Data:
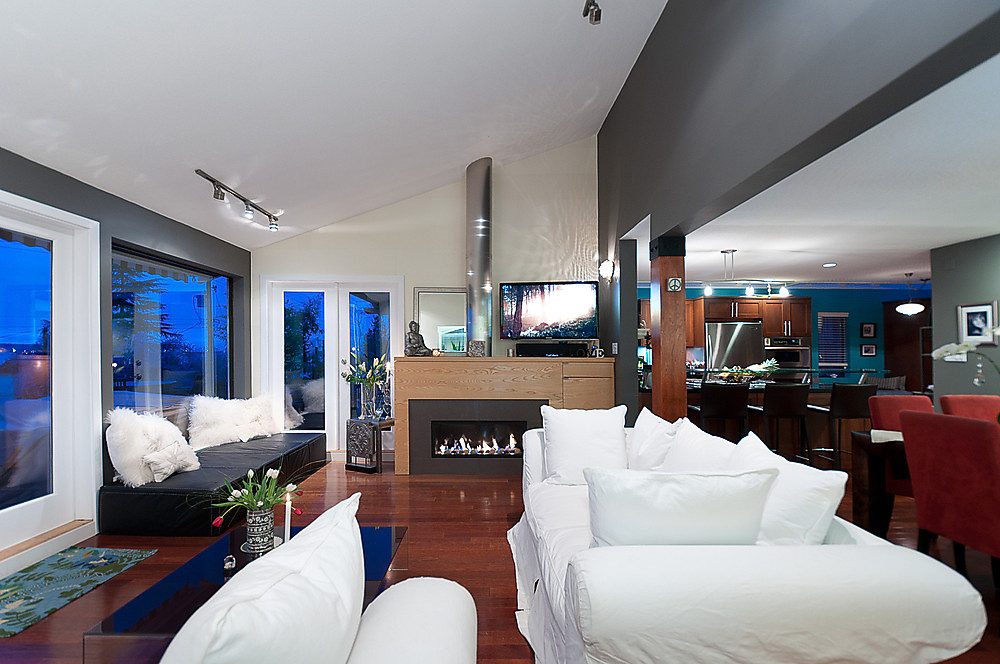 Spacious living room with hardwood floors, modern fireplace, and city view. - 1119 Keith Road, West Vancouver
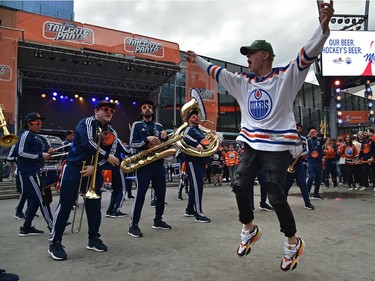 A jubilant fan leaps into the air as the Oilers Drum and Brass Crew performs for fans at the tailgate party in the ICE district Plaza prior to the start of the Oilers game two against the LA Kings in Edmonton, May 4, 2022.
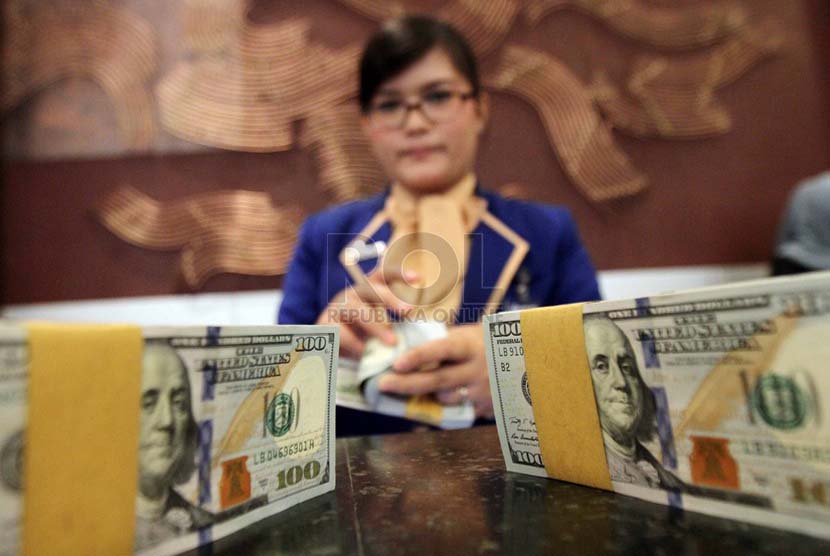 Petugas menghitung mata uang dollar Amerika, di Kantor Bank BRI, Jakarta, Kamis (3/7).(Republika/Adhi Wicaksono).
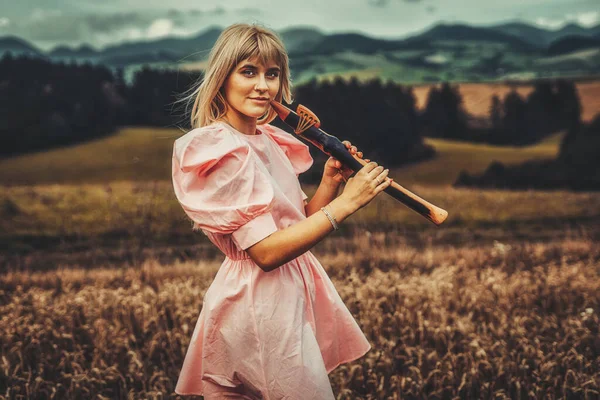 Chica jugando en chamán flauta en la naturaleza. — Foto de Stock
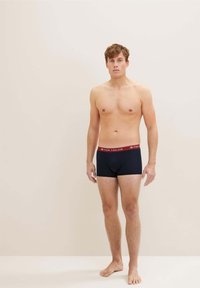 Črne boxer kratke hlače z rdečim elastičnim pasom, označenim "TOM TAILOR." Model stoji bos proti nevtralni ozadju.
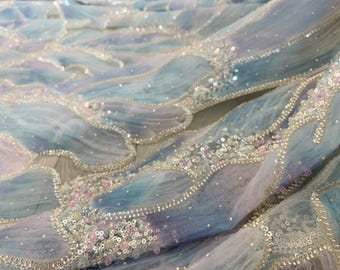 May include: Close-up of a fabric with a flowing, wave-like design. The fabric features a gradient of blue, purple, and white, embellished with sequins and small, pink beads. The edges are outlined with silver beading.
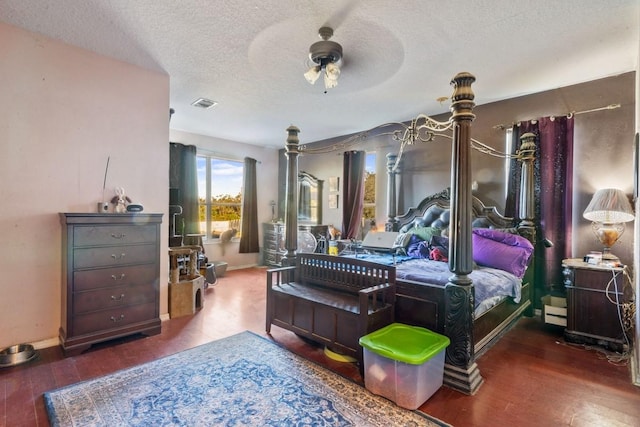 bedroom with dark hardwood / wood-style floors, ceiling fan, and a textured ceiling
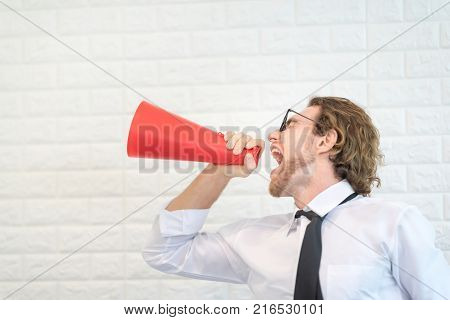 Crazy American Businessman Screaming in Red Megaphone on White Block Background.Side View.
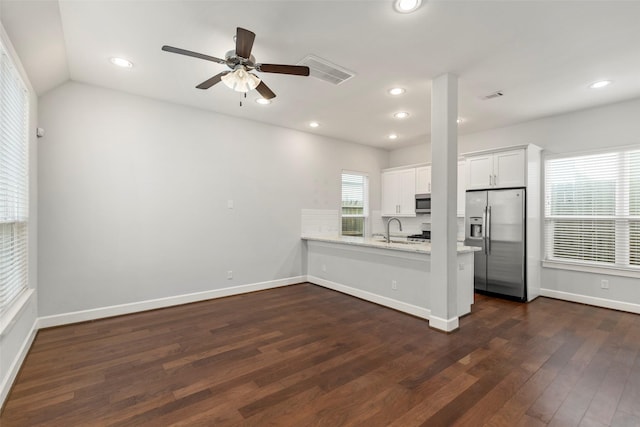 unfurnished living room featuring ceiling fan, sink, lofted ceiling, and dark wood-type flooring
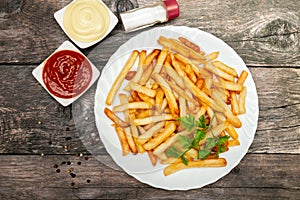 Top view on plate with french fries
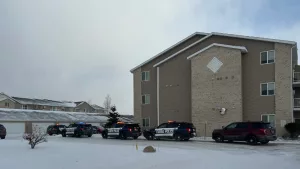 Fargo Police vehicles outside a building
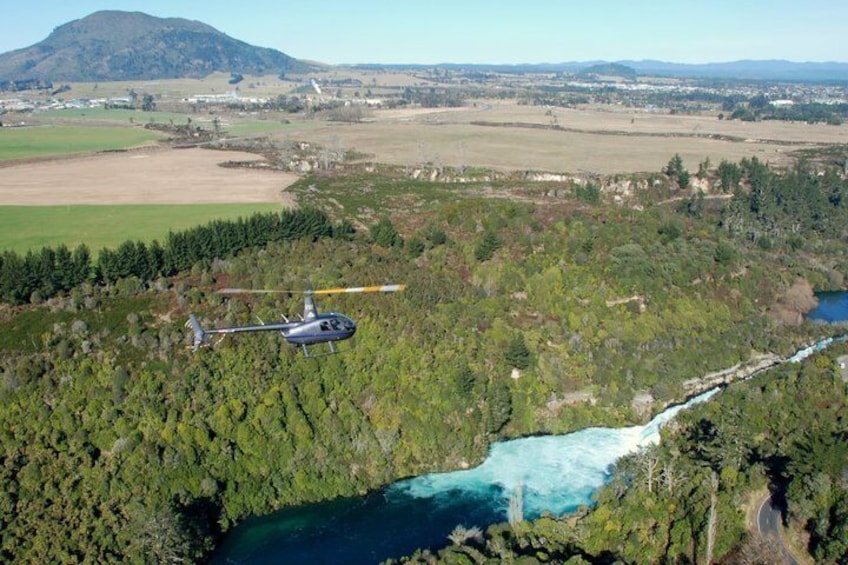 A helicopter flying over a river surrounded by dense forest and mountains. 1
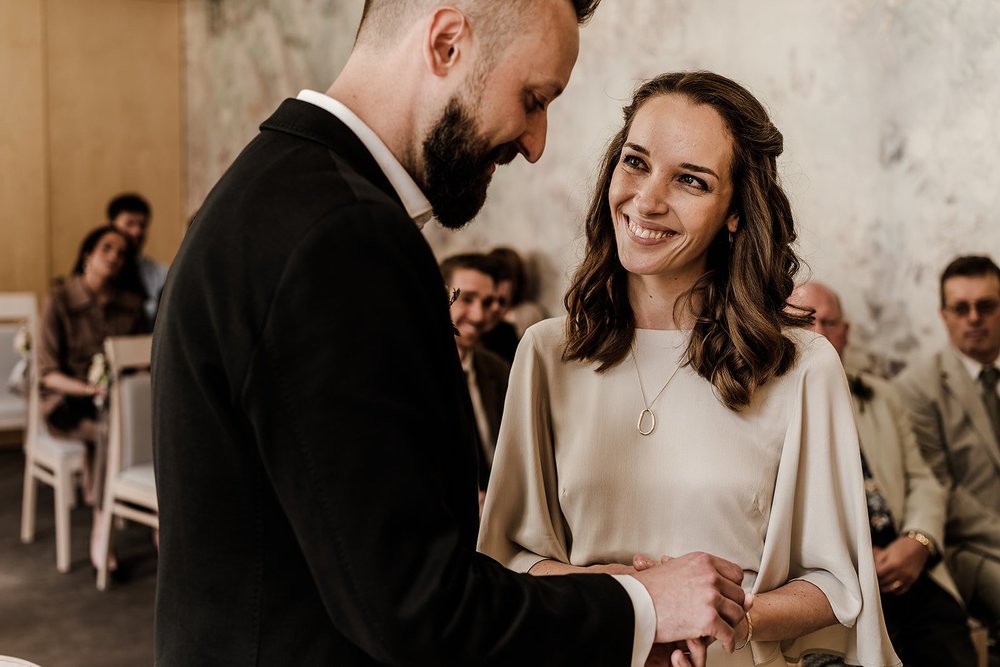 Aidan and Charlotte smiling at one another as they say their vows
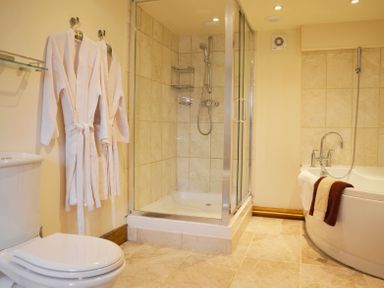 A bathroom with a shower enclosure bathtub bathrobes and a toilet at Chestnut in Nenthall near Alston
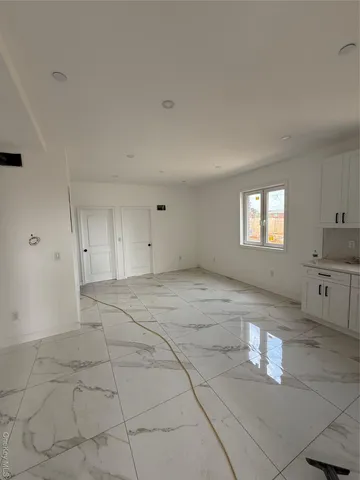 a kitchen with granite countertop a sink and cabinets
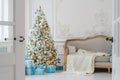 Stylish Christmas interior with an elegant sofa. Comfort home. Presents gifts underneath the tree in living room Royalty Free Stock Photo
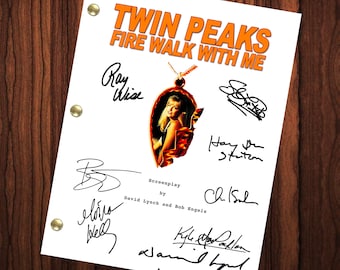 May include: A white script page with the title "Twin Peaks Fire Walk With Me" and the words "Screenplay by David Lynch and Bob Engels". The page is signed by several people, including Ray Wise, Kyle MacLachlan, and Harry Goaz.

Goal of the exercise: Within the listing above, the lines starting at the one containing "Crazy American Businessman" and ending at the one containing "Stylish Christmas interior" are to be returned exactly. Omit the pictures.

Answer for this exercise:
 Crazy American Businessman Screaming in Red Megaphone on White Block Background.Side View.
 unfurnished living room featuring ceiling fan, sink, lofted ceiling, and dark wood-type flooring
 Top view on plate with french fries
 Fargo Police vehicles outside a building
 A helicopter flying over a river surrounded by dense forest and mountains. 1
 Aidan and Charlotte smiling at one another as they say their vows
 A bathroom with a shower enclosure bathtub bathrobes and a toilet at Chestnut in Nenthall near Alston
 a kitchen with granite countertop a sink and cabinets
 Stylish Christmas interior with an elegant sofa. Comfort home. Presents gifts underneath the tree in living room Royalty Free Stock Photo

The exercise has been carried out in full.